The noindex meta tag can be applied in the head using a tag or as an HTTP response header (X Roots tag). However, the primary role of the noindex tag is to direct search engines to not index the webpage. The search engine bots will still be able to crawl the page but they will not index it.
The most common method of implementing a noindex tag is to apply the meta tag in the page’s head.
It looks like the following and gets added to the head section inside the html of your page.
<meta name="robots" content="noindex">
When search crawlers see the above tag, they avoid indexing that page. Another server side method of implementing these tags is to apply them via X Robots tag which can also be done via the .htaccess file. Both the meta tag and HTTP header have the same impact and you can select the one that is convenient to you.
Instead of a tag, you can return an X-Robots-Tag HTTP header with a value ofnoindex in the response. You can use a response header for non-HTML resources, such as PDFs, video files, and image files. Moreover, any of the meta tags can also be applied as an X-Robots-Tag header and you can combine multiple headers within the http response. Here’s an example of an HTTP response with an X-Robots-Tag header instructing search engines not to index a page:
HTTP/1.1 200 OK
(...)
X-Robots-Tag: noindex
(...)
What is Robots.txt?
The Robots.txt file is placed at the root of a website and is used to tell search engines which pages to crawl and which to not. You can use allow and disallow directives in the Robots.txt file to tell search engines to crawl or not to crawl certain pages.
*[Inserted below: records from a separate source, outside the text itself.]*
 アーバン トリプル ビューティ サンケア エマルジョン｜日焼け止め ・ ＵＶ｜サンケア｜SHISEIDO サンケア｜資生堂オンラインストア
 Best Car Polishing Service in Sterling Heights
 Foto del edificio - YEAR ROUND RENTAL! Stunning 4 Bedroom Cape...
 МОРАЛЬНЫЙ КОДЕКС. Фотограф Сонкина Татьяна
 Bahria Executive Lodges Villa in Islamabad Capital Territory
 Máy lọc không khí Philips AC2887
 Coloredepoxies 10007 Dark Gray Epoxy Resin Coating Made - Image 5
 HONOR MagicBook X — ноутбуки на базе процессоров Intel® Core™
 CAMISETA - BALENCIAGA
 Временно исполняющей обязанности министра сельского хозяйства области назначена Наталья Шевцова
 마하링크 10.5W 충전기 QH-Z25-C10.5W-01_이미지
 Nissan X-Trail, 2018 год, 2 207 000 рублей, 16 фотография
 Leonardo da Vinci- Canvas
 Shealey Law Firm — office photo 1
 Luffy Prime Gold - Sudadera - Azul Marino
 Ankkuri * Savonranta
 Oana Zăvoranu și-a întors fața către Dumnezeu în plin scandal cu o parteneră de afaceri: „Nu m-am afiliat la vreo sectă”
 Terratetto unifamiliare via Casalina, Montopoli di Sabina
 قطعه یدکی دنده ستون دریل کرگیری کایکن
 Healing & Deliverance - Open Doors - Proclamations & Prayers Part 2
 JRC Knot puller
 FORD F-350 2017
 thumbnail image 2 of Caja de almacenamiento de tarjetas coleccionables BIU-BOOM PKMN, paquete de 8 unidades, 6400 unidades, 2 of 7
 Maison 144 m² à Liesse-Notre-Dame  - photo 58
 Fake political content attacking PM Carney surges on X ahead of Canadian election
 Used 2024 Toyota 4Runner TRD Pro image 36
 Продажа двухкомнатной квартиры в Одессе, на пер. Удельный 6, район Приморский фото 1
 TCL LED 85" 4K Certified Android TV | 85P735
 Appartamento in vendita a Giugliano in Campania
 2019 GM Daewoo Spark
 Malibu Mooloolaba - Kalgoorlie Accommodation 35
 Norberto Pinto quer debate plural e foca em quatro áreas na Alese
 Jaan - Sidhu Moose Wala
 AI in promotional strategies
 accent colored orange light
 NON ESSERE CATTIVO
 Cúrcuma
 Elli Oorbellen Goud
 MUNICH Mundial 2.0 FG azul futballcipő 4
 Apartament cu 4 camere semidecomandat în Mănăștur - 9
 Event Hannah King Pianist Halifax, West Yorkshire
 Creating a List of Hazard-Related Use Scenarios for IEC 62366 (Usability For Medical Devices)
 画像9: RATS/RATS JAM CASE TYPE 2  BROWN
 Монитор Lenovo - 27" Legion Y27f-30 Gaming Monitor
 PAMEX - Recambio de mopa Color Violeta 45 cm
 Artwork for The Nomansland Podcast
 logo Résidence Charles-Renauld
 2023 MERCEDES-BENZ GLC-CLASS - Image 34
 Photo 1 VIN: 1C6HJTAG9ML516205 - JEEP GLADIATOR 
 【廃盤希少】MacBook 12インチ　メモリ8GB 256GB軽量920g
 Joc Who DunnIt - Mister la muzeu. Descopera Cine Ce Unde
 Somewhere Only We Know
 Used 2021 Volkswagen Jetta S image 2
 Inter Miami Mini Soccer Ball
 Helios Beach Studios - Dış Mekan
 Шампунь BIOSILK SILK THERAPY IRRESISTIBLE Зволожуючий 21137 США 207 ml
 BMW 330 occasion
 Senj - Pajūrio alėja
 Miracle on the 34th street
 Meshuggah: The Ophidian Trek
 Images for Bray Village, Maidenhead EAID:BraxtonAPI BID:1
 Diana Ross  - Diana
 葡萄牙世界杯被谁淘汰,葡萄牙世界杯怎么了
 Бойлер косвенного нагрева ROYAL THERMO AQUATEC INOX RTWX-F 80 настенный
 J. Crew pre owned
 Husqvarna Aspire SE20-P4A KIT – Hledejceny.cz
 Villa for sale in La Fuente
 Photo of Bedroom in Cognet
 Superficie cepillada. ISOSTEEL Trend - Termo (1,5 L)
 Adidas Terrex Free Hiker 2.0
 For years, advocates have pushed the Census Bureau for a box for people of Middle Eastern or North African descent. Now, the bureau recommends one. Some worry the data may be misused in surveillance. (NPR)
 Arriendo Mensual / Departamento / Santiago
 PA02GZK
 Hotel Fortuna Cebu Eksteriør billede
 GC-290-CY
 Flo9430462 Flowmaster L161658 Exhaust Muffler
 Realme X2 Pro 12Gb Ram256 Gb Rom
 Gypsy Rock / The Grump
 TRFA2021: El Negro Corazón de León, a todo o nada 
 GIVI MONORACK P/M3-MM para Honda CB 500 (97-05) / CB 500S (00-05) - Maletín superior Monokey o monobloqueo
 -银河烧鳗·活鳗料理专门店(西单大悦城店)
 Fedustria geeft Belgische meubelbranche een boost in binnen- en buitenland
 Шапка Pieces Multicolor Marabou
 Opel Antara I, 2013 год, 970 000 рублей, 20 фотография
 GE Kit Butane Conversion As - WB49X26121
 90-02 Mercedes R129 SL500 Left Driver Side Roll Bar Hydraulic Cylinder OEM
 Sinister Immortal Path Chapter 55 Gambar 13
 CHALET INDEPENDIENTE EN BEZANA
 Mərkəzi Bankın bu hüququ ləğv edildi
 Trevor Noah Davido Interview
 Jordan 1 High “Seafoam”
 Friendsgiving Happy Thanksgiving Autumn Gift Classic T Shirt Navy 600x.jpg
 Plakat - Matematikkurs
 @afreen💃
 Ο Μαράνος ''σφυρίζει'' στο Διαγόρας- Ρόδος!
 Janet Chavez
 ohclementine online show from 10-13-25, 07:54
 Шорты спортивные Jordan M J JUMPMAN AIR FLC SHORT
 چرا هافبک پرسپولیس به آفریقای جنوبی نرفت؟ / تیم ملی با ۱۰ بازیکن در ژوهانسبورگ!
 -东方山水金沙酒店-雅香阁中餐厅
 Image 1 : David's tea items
For example, a directive like the following in the robots.txt file will allow the search bot to crawl everything on the website:
User-Agent: *
Disallow:
Whereas, the following directive in the robots.txt file will block everything on the website for the searchbots:
User-Agent: *
Disallow: /
Therefore, it is important to be cautious with the use of directives in robots.txt since a syntax error can prevent your entire website from getting crawled and indexed. Robots.txt errors can prove costly and therefore, it is suggested to be very cautious when using the disallow directives in robots.txt.
When to use the noindex tag
It might have become partly clear to you that the scenarios in which you use the noindex tag or the robots.txt disallow directive are generally different. You must use the noindex tags in the following scenarios:
To prevent duplicate results from appearing in searches.
To prevent your author or other archive pages from appearing in searches and competing with post urls.
To prevent useless pages from appearing in searches.
To prevent certain private pages or pages with sensitive information from appearing in searches.
Keep temporary pages that will be removed in future from appearing in searches.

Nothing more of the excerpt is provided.